Friday, November 17, 2006

Break a Leg

Hold the cheers.
Hit the lights.


It appears a fungal pall has settled on the smooth marble walls and old leather chairs of the showpiece of political drama, the US Capitol. Like an aged theatre welcoming yet another revival of Annie, Get Your Gun, the building where our legislators do the people's business is filled with a new company of players who walk the stage in dusty costumes and continue to perform lines from anachronistic scripts that hallow old ideas of leadership.

This, however, is not the show the voters want to see produced. We want something fresh, informed by the great leaders of the past, but stepping outside that stale paradigm.

No more rehearsing
Or nursing a part.

Now the star of the show sits in her dressing room, a closed smile staring back at her from the lit make-up mirror. She knows the person she sees is accountable for the success of the run, and its failures.

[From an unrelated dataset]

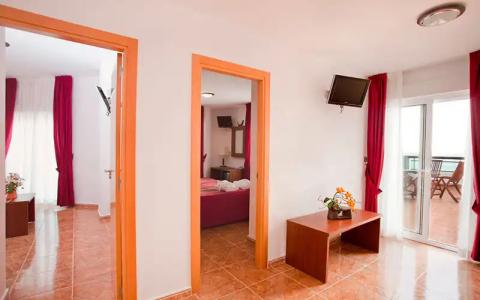 La Familia Gallo Rojo - 36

The worst thing she can do is not play to the audience, yet during the last dress rehearsal, she did just that. She went with a preconceived notion of leadership by following her own agenda, thinking the rest of the company would follow along to make her look good.

But the lead role in this play is not delivered through soliloquy. It is one of dialogue and requires listening, focusing and reacting, and only after she shows the concern one actor in a scene must have for another can she begin to act, and to lead.

A knock on the door breaks her from her intense stare. "Five minutes, Ms. Pelosi," says the anxious voice of an enthralled young assistant. Nancy gets up from her chair, and after dabbing her make-up with her finger and pursing her lips, turns off the lights on the mirror and leaves the dressing room.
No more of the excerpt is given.